— Task statement —
Reproduce the entries in full and exactly. Pictures stay out.

— Listed records —
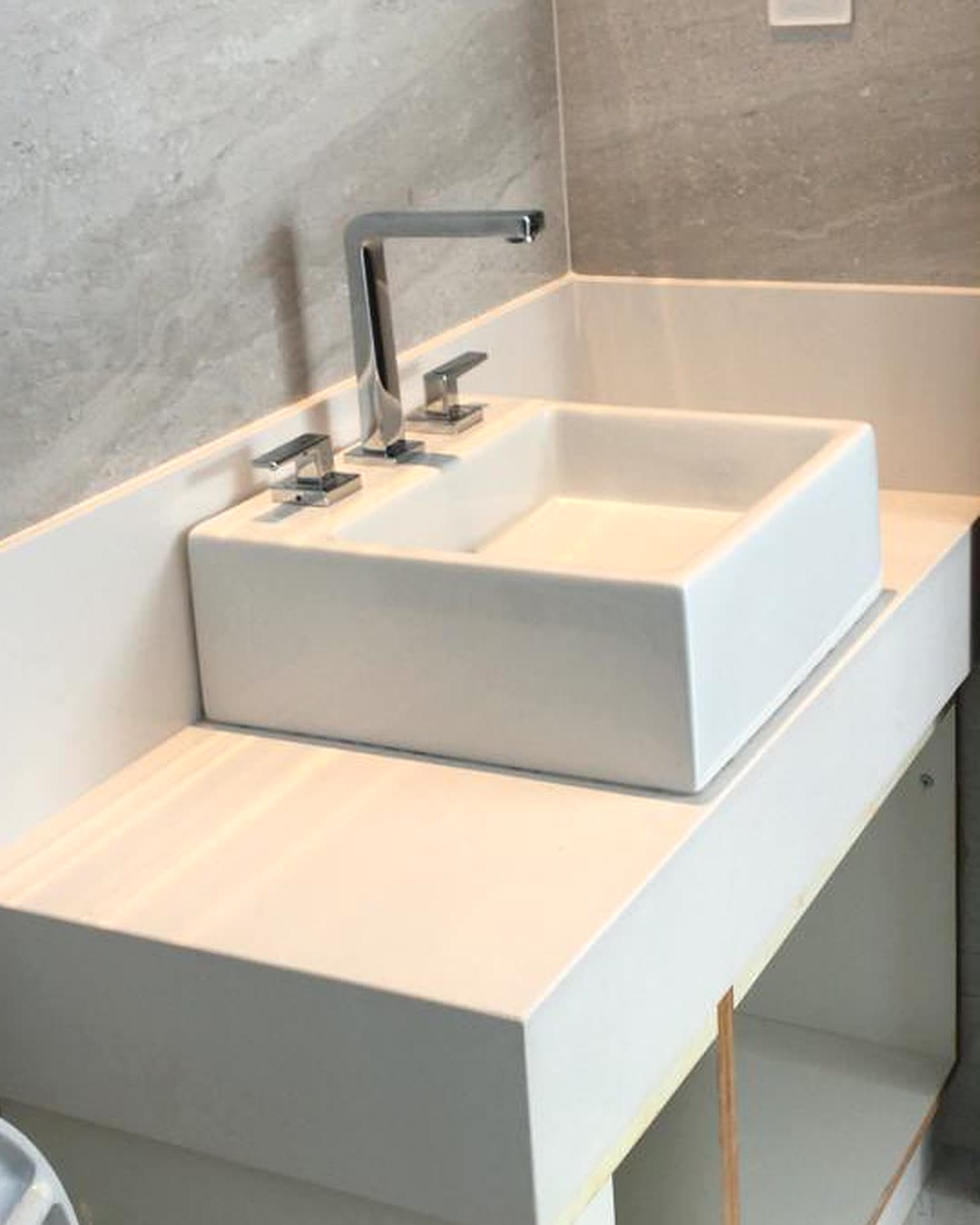 Bancada de lavabo em pedra clara, com rodabanca e cuba de apoio instalada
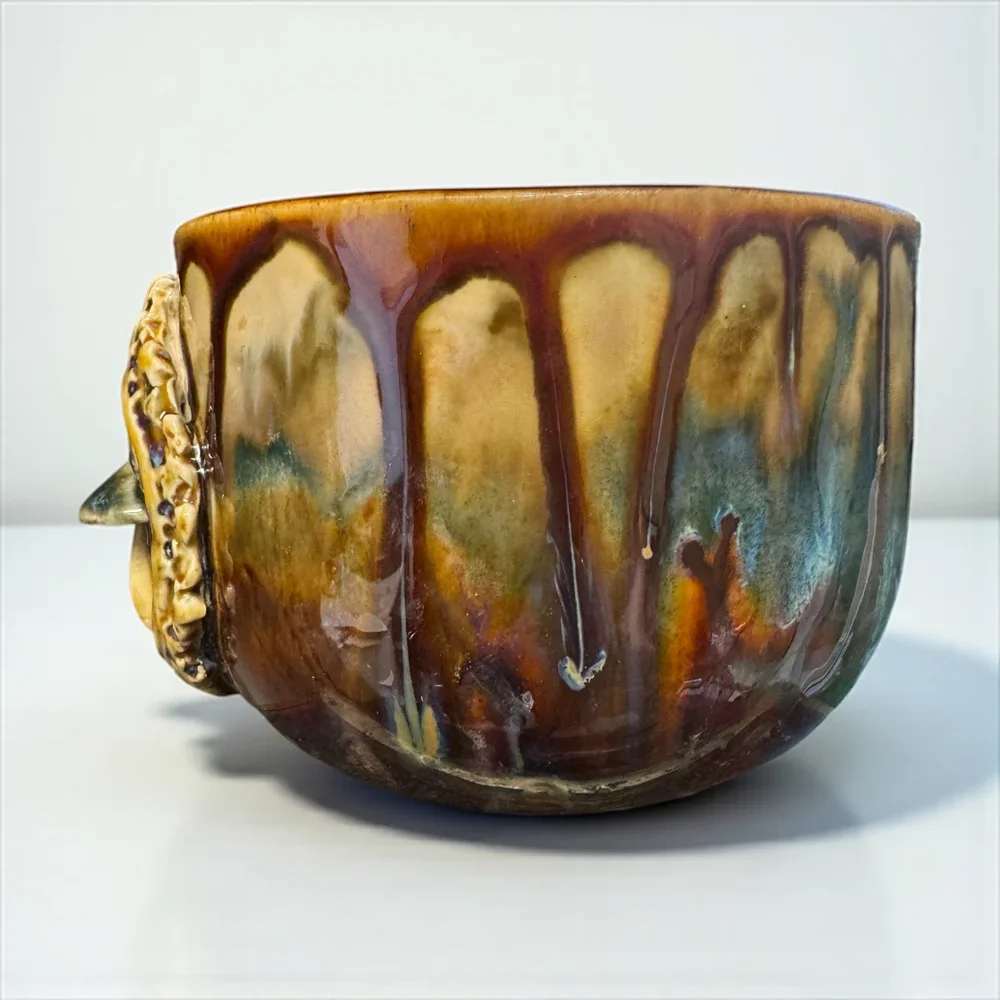 A ceramic bowl with a glossy, multicolored glaze featuring streaks of brown, gold, blue, and green, with a decorative handle shaped like a lion's head on the side.
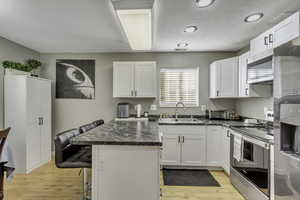 Kitchen featuring a kitchen bar, stainless steel appliances, white cabinets, updated paint and lights, and light wood-style floors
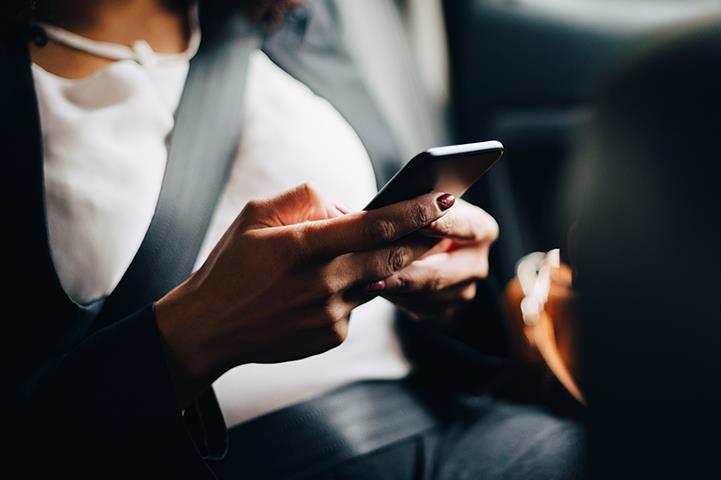 women in car on phone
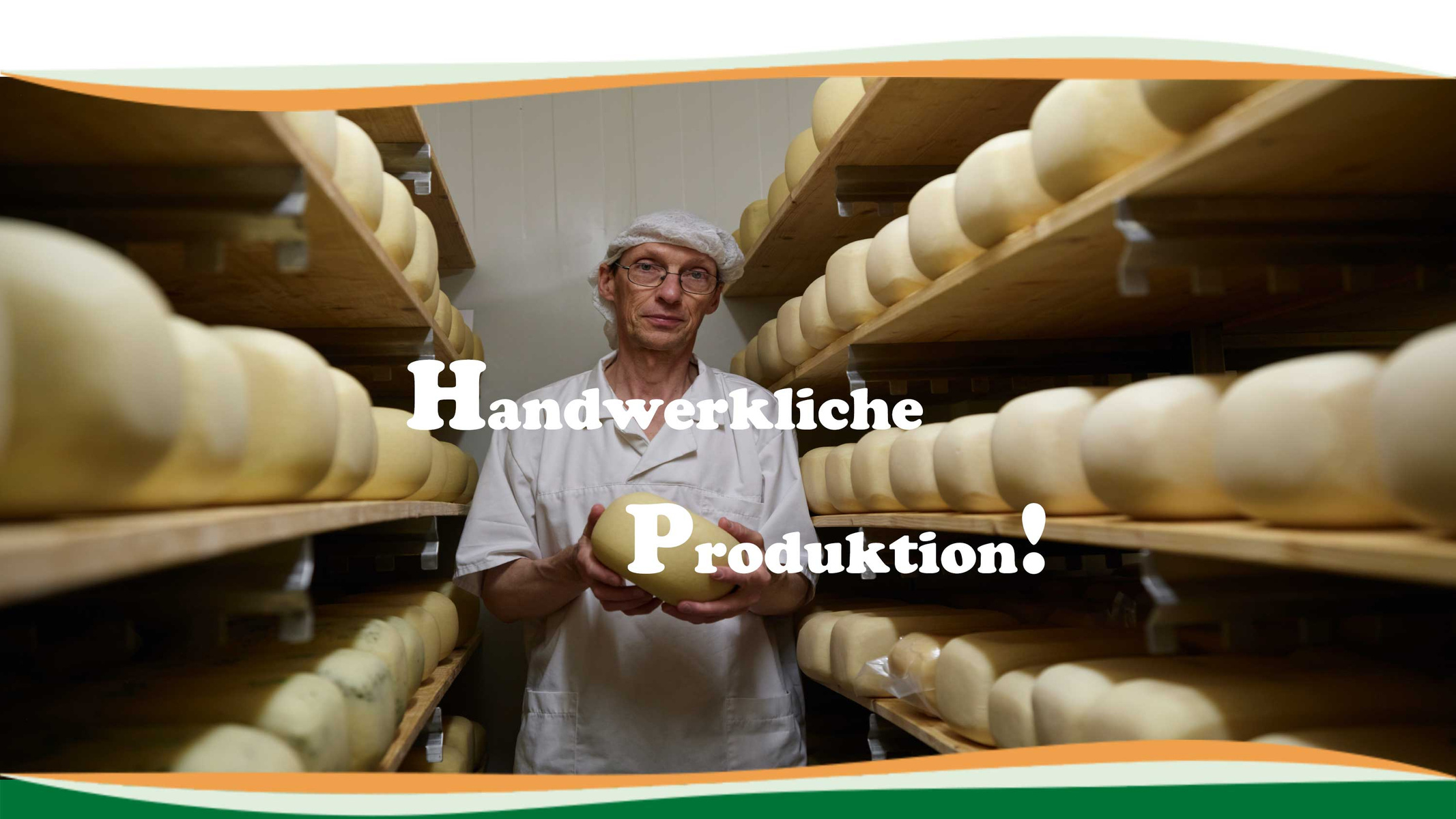 Ein Käser zeigt einen ganzen Käse. Er steht in einem Käse-Reiferaum. Beidseitig liegen Käse in mehreren Etagen auf Holzregalen.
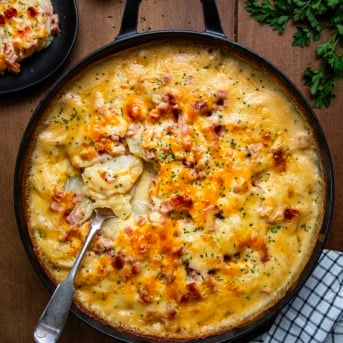 Skillet of Ranch Scalloped Potatoes and Ham on a wooden table with a spoon from overhead.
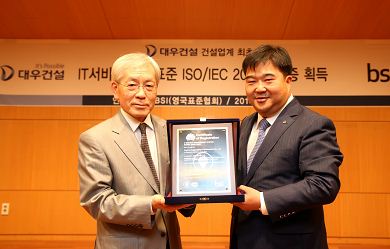 이훈복 대우건설 경영지원실장과 BSI Korea 천정기 회장이 ISO/IEC 20000 인증패를 들고 기념촬영을 하고 있다.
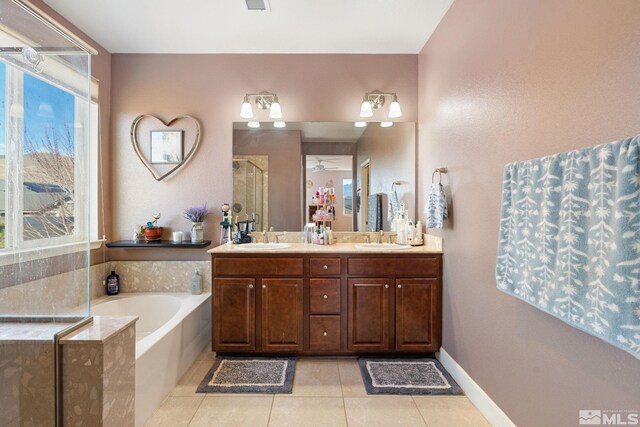 2780 Tobiano Dr, Reno, NV 89521 - bathroom featuring a shower stall, tile patterned floors, a garden tub, double vanity, and healthy amount of natural light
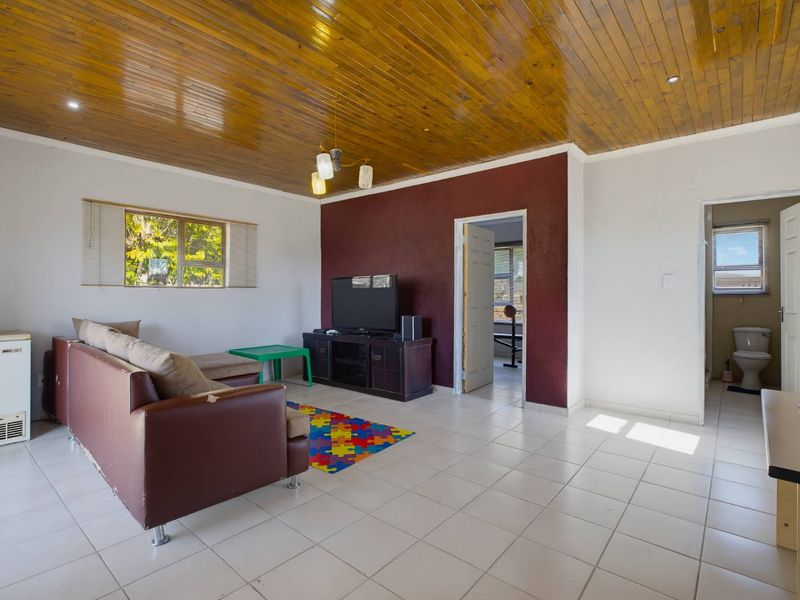 A living room featuring ceramic floor tiles, a wooden tongue and groove ceiling, and a dark accent wall, providing a functional living space.
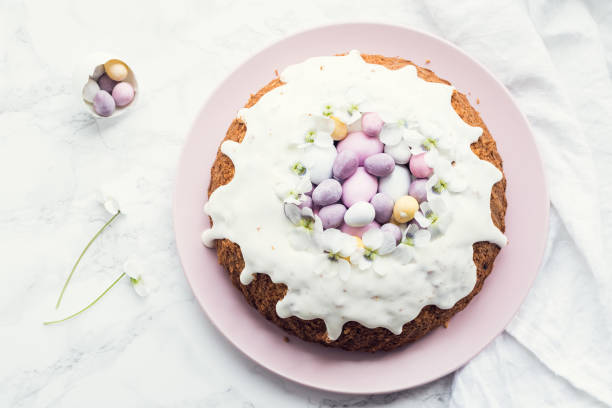 Glazed easter cake with flowers and candy Glazed easter cake decorated with flowers and mini chocolate eggs candy on white marble background. Happy Easter Holidays. Top view. Copy space. easter cake stock pictures, royalty-free photos & images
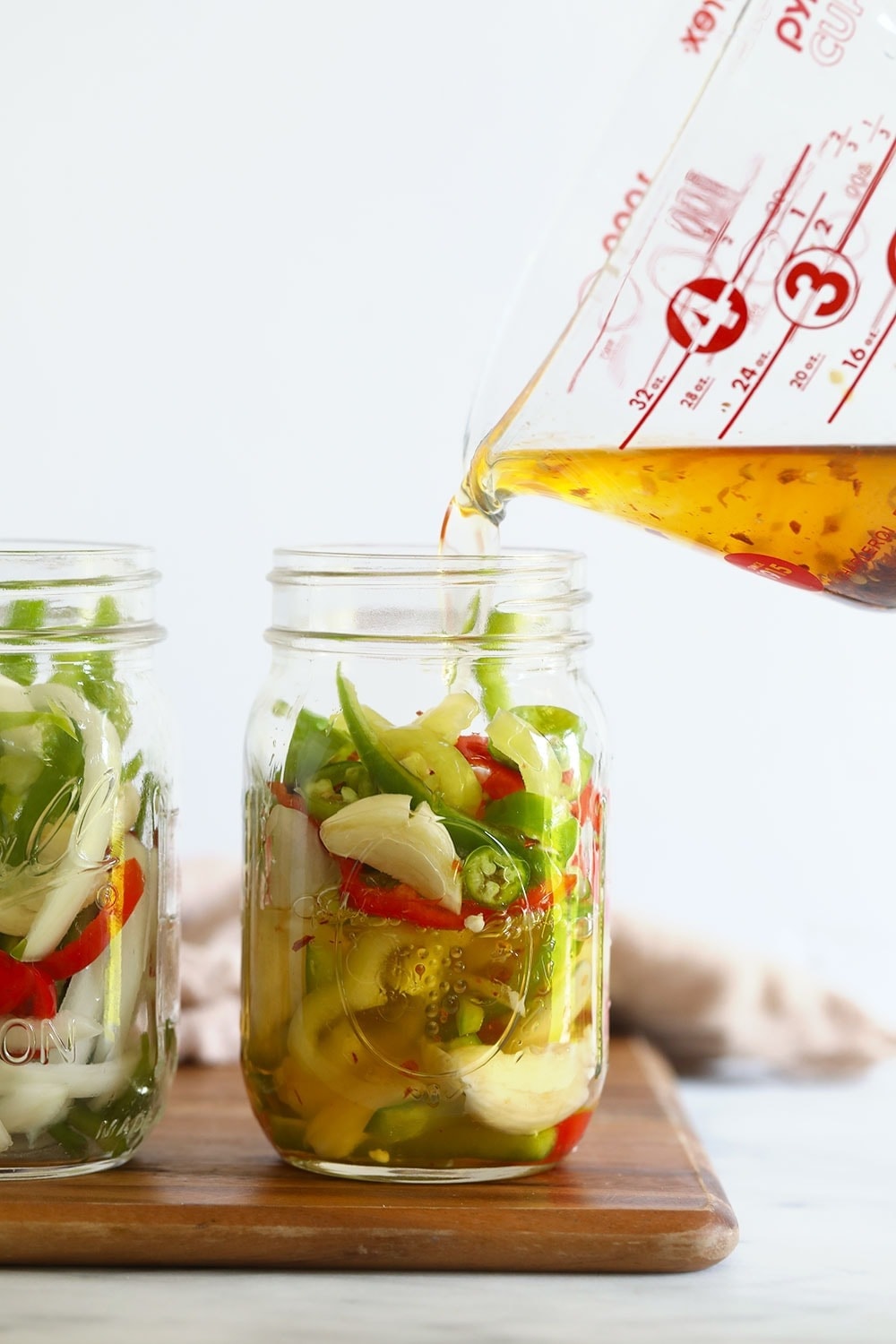 sliced peppers in a jar ready to be pickled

— Output —
 Bancada de lavabo em pedra clara, com rodabanca e cuba de apoio instalada
 A ceramic bowl with a glossy, multicolored glaze featuring streaks of brown, gold, blue, and green, with a decorative handle shaped like a lion's head on the side.
 Kitchen featuring a kitchen bar, stainless steel appliances, white cabinets, updated paint and lights, and light wood-style floors
 women in car on phone
 Ein Käser zeigt einen ganzen Käse. Er steht in einem Käse-Reiferaum. Beidseitig liegen Käse in mehreren Etagen auf Holzregalen.
 Skillet of Ranch Scalloped Potatoes and Ham on a wooden table with a spoon from overhead.
 이훈복 대우건설 경영지원실장과 BSI Korea 천정기 회장이 ISO/IEC 20000 인증패를 들고 기념촬영을 하고 있다.
 2780 Tobiano Dr, Reno, NV 89521 - bathroom featuring a shower stall, tile patterned floors, a garden tub, double vanity, and healthy amount of natural light
 A living room featuring ceramic floor tiles, a wooden tongue and groove ceiling, and a dark accent wall, providing a functional living space.
 Glazed easter cake with flowers and candy Glazed easter cake decorated with flowers and mini chocolate eggs candy on white marble background. Happy Easter Holidays. Top view. Copy space. easter cake stock pictures, royalty-free photos & images
 sliced peppers in a jar ready to be pickled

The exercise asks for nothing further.